This post is also available in this language: Shqip Macedonian Bos/Hrv/Srp

Murino after the NATO air strikes in 1999.

Lawyers for relatives of six civilians including three children killed in a NATO air strike on Montenegro in 1999 have told BIRN that they plan to take their case to the European Court of Human Rights after their compensation claims were thrown out by their own country’s courts.

Relatives of 69-year-old Manojlo Komatina, one of those killed in an air strike on a bridge in the village of Murino on April 30, 1999, were ordered by the supreme court last week to pay back 80,000 euros in compensation they were awarded in 2012 for mental anguish.

The basic court in Podgorica also rejected five other families’ cases for compensation, ruling that “the claims are out of date”.

The families sued the state in 2007 because the Montenegrin authorities failed to issue an emergency alert in Murino ahead of the bombing of the bridge, although sirens were sounded in the nearby town of Plav.

As well as Komatina, Julija Brudar (aged 10) and her sister Olivera Maksimovic (13), Miroslav Knezevic (13), Milka Kocanovic (69) and Vukic Vuletic (40) were killed when ten missiles hit the bridge on the River Lim in Murino near the border with Kosovo.

The lawyer for all six families, Velija Muric, said that the decision to reject the claims had no basis in Montenegrin or international law.

He said that there was no basis for the court to demand the money back.

“In the case of the civilian victims of NATO, justice in Montenegro is degraded and devastated. Especially bearing in mind that this is a textbook example of a war crime,” Muric told BIRN.

Muric has submitted a complaint to the Montenegrin constitutional court over the appeals court ruling, but said he was not optimistic that it would succeed, so the families are planning to filing a suit at the European Court of Human Rights in Strasbourg.

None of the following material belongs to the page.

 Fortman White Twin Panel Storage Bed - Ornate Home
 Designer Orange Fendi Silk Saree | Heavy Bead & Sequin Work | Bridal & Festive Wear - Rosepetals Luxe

“Six civilians from Murino and their families were not only victims of NATO strikes, they were also the victims of destructive politics, and the state should act responsibly in all those cases,” Muric said.

The NATO air strikes on Yugoslavia were launched in a bid to end Belgrade’s military campaign in Kosovo – the first time that the Western alliance used force without UN Security Council backing.

Around 500 civilians were killed during the 78 days of bombing, according to Human Rights Watch estimates.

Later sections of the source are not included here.